Nell’autunno del 539 Ciro, con l’approvazione e forse anche su iniziativa dei sacerdoti di Babilonia e delle altre città della Mesopotamia meridionale, invase l’impero babilonese. A quel punto Nabonedo era tornato nella capitale. Durante l’assedio di Ciro di Opis sul Tigri, gli abitanti si ribellarono contro Nabonedo, che li massacrò. Il 15 di Tashritu (settembre-ottobre), Sippar si arrese a Ciro senza combattere. Nabonedo fuggì. Il giorno successivo Babilonia – i cui sacerdoti, in particolare il sacerdote di Marduk, si opposero a lui – aprì le sue porte a Ciro e ai suoi alleati (i Gutiani).

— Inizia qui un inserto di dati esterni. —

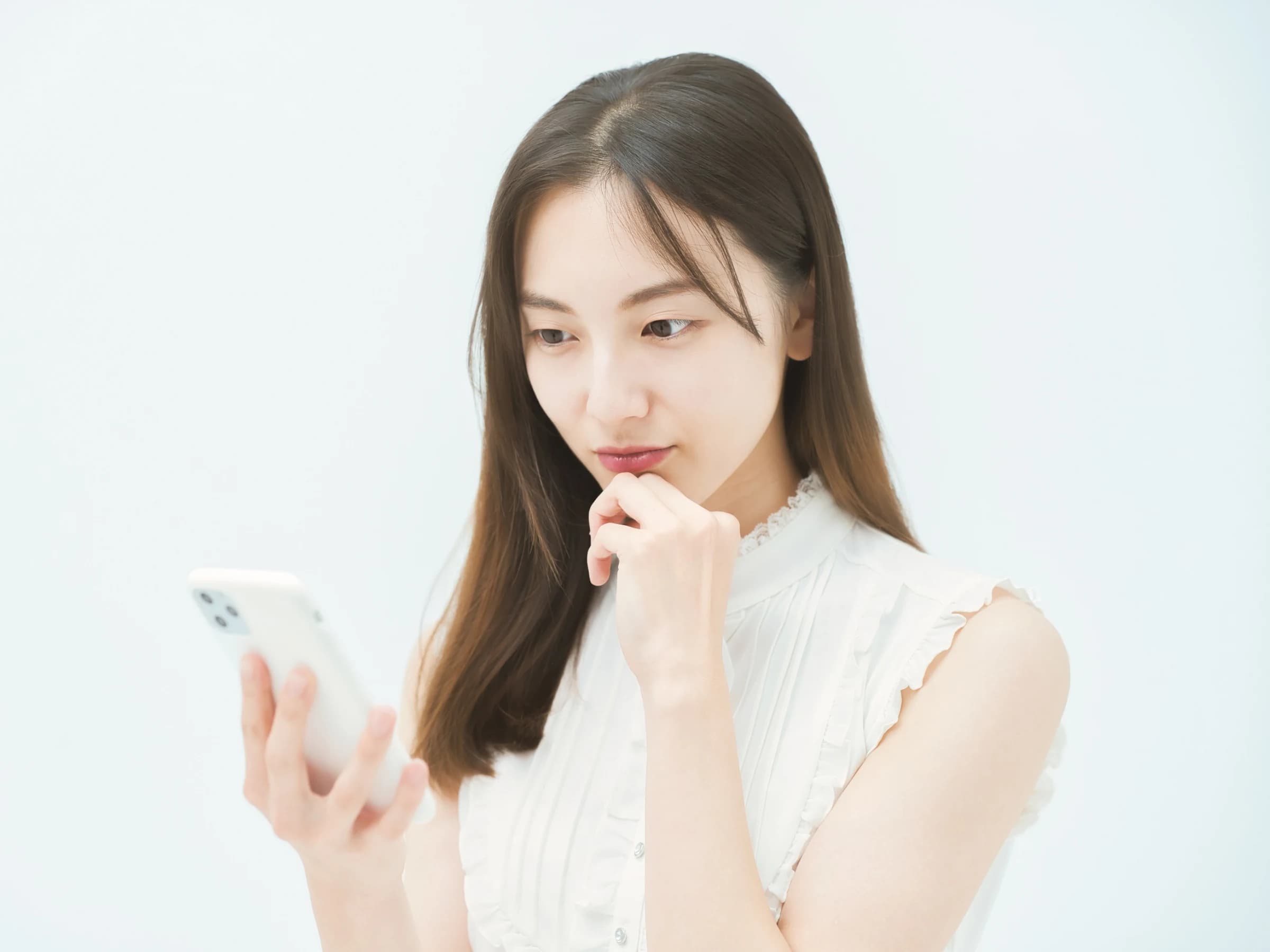 スマートフォンを見ながら自分に合うコーチについて考える日本人女性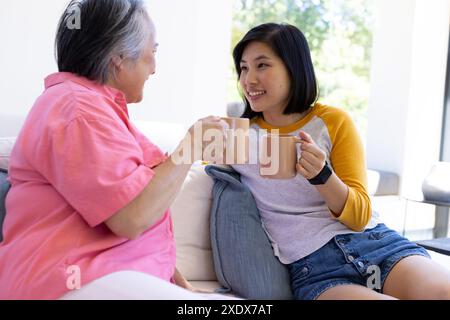 Mutter und Tochter genießen Kaffee, sitzen auf der Couch, lächeln und reden Stockfoto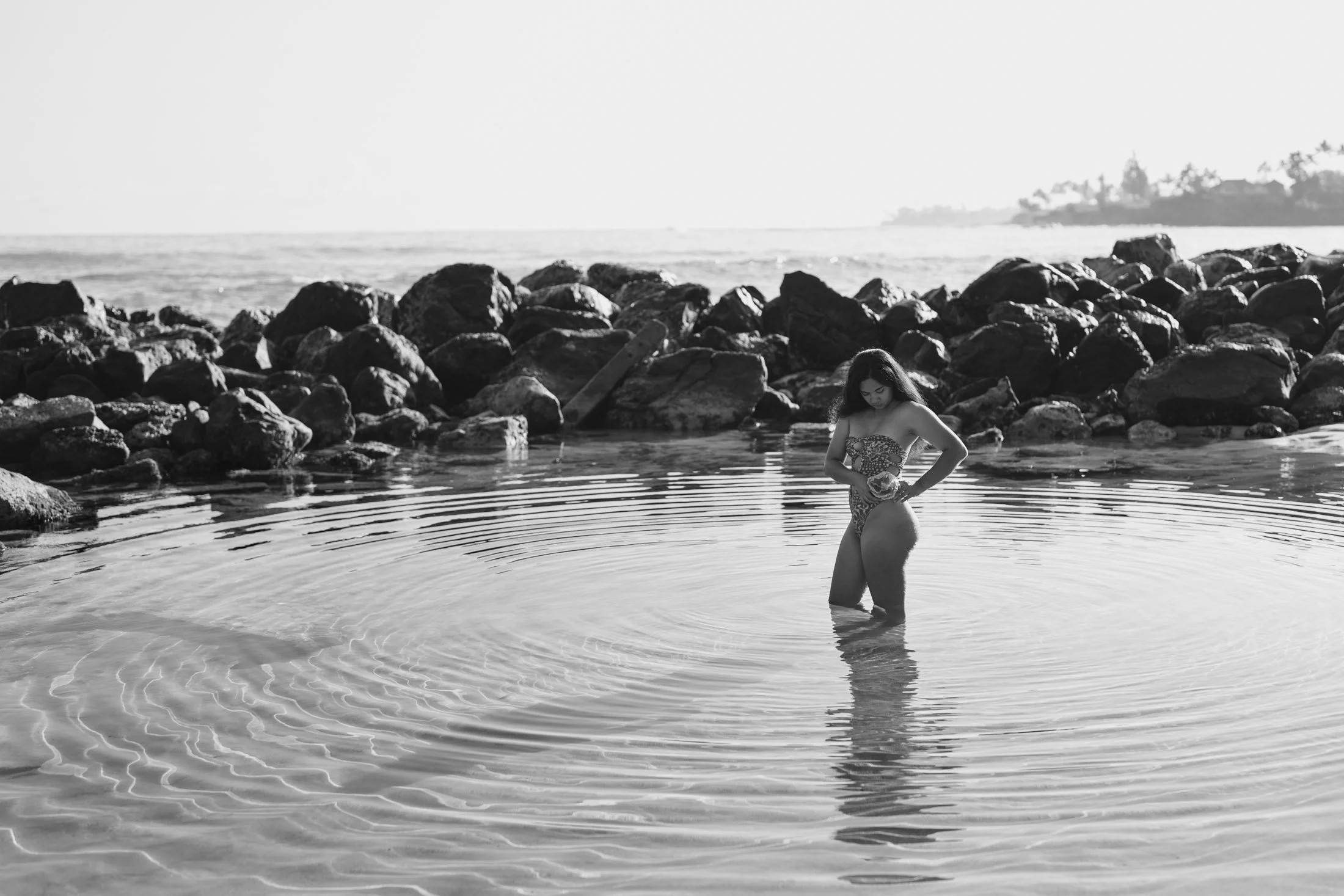 A woman standing in shallow ocean water near rocks, holding a hat, in a black and white photo with a distant shoreline and trees in the background during her outdoor portrait photography session.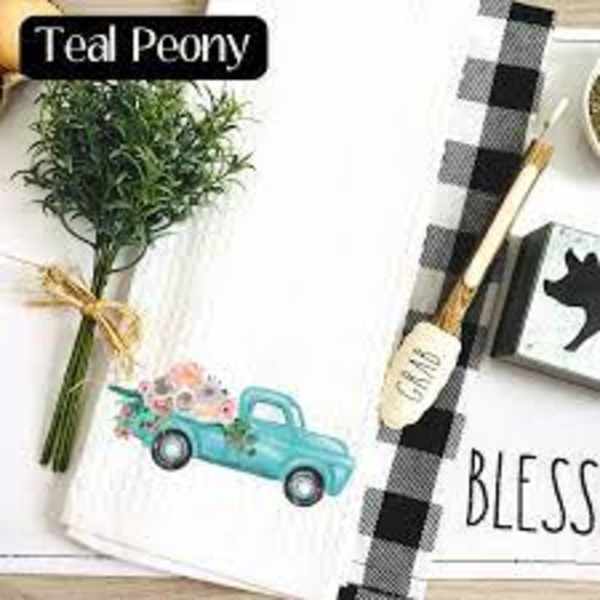 Bundle of greenery tied with twine beside a tea towel and brush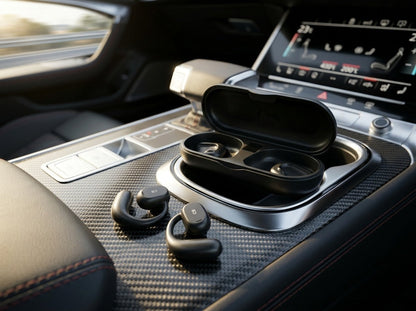 CTRL8 X29 open-ear headphones with charging case placed on a car console for seamless audio during travel
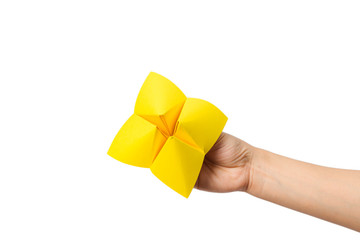 Hand in a paper fortune teller isolated on white background.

Nabonedo fu successivamente arrestato al suo ritorno a Babilonia. Il terzo giorno del mese successivo Ciro fece il suo ingresso trionfale in Babilonia. “Grandi ramoscelli furono stesi davanti a lui. Lo stato di” pace “fu imposto alla città”. La fine di Nabonedo è oscura; secondo Giuseppe Flavio, tuttavia, fu trattato umanamente dal conquistatore, che assegnò Carmania (Iran centrale) per la sua residenza (Gs., Apion 1: 153). Frammenti aramaici da Qumran in cui Nabonidus (Nbny) racconta che mentre si trovava a Teman (quindi!) era affetto da un’infiammazione della pelle (sheḥin) per sette anni fino a quando un indovino ebreo senza nome (gazar, una parola che appare anche in aramaico di * Daniele) gli consigliò di pregare il Dio del cielo invece che gli idoli, mostra a quale tipo di speculazioni sorse la prolungata residenza del re nel remoto Tema. Ciò suggerisce che la storia dei sette anni di licantropia di Nabucodonosor in Daniele 4 risale alla fine a tali dannose speculazioni su Nabonedo da parte di babilonesi scontenti.
bibliografia:
S. Smith, Testi storici babilonesi relativi alla cattura e alla caduta di Babilonia (1924) 27 ss., 98 ss .; RP Dougherty, Nabonedo e Baldassarre (1929); J. Lewy, in: huca, 19 (1946), 405–89; JT Milik, in: rb, 62 (1956), 407ss .; J. Roux, L’antico Iraq (1966), 346 sgg .; Pritchard, Testi, pp. 305-15; E. Bickerman, Quattro strani libri della Bibbia (1967), 74-7.